Delivering the technical analysis crucial to CCS projects
Finding the right perforation method for injecting liquid CO2 into a saline aquifer was considered critical to avoiding the high risks present in a carbon capture and storage (CCS) project AGR worked on.
Key to the long term integrity of the site
AGR was engaged to play a key role in the field development plan and subsequent front end engineering and design phase for a major CCS project.
Our remit was to carry out the analysis and evaluation needed to provide a perforation strategy for the injection of liquid CO2 into a saline aquifer.

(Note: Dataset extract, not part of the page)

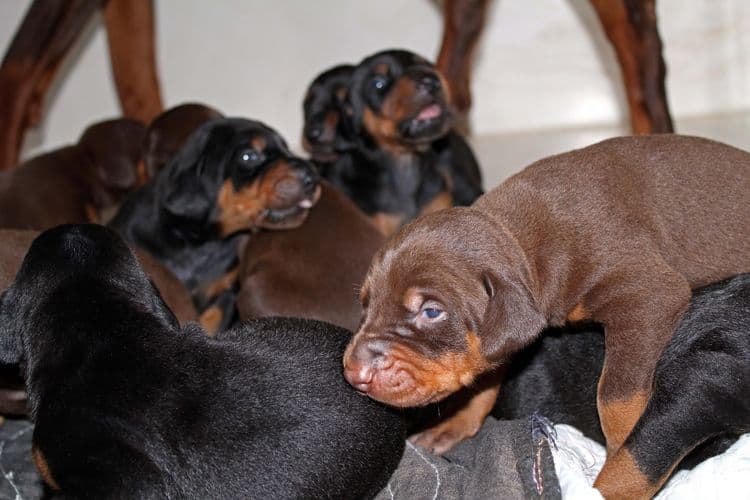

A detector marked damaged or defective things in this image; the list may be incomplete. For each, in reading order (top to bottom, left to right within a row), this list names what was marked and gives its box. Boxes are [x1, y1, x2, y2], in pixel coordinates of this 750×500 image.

The project carried a number of risk factors. Because of the length of the offshore pipeline, the temperature of the CO2 would be (at worst case) seabed temperature in winter.
Injection of the cold (5 °C) liquid CO2 into a hot (57 °C) aquifer formation has the potential to result in thermal fracturing, which in turn can result in instability for the inflow. And if the fracture should extend vertically, the result would be loss of well integrity for long term storage of CO2.
The objectives for AGR were to provide recommendations for a perforation strategy that would:
- Ensure well integrity
- Ensure fracture growth remained within the reservoir
- Allow injection of the required volume of CO2
- Allow re-perforating or additional perforating to take place in future
A thorough analysis of all factors
Nodal analysis provided the potential injection volume for a non-fractured scenario. Sensitivity factors were run against the perforation interval for each of the six zones identified within the reservoir to ascertain the minimum length of perforated intervals required, assuming a matrix injection method.
A fracture model assessed the impact of the injection of the cold CO2 into the hot formation, including thermoelastic and poroelastic effects.
The results indicated that the predominant change in the effective stress was due to thermal influences, which resulted in fracturing of the near wellbore.
Perforation intervals were then defined, based on minimising the thermal fracturing and ensuring that injectivity could be achieved predominantly through the matrix. This maximised integrity and minimised flow instability.